— EXERCISE AIM —
Nothing below is to be printed except the lines between the line holding "Detail einer 6mm" and the line holding "Fahrzeugabbildung Smart ForTwo", inclusive, each exactly as it appears.

— RECORDS SUPPLIED —
━━━━━━━━━━━━━━━━
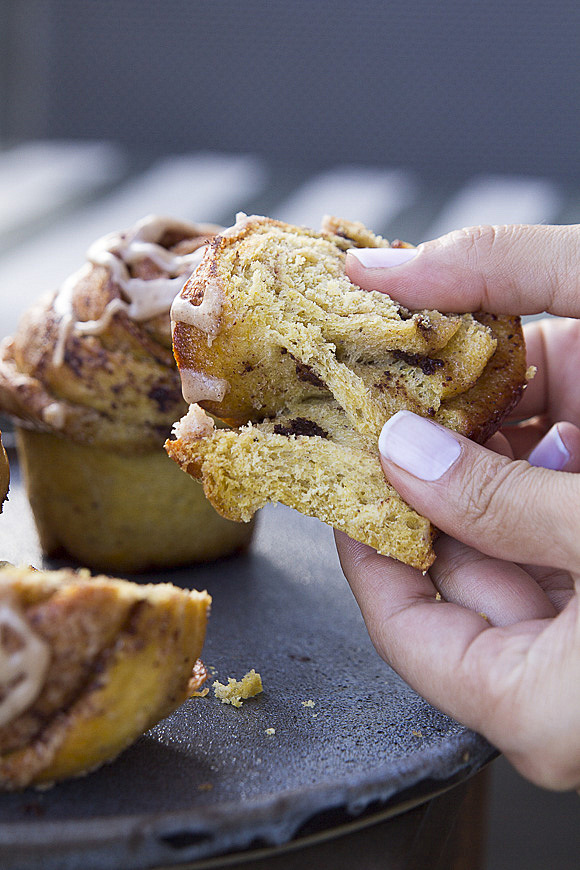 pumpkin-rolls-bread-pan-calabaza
━━━━━━━━━━━━━━━━
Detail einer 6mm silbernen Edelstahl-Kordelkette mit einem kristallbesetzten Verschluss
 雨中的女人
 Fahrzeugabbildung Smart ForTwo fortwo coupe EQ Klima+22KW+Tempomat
━━━━━━━━━━━━━━━━
— OUTPUT —
Detail einer 6mm silbernen Edelstahl-Kordelkette mit einem kristallbesetzten Verschluss
 雨中的女人
 Fahrzeugabbildung Smart ForTwo fortwo coupe EQ Klima+22KW+Tempomat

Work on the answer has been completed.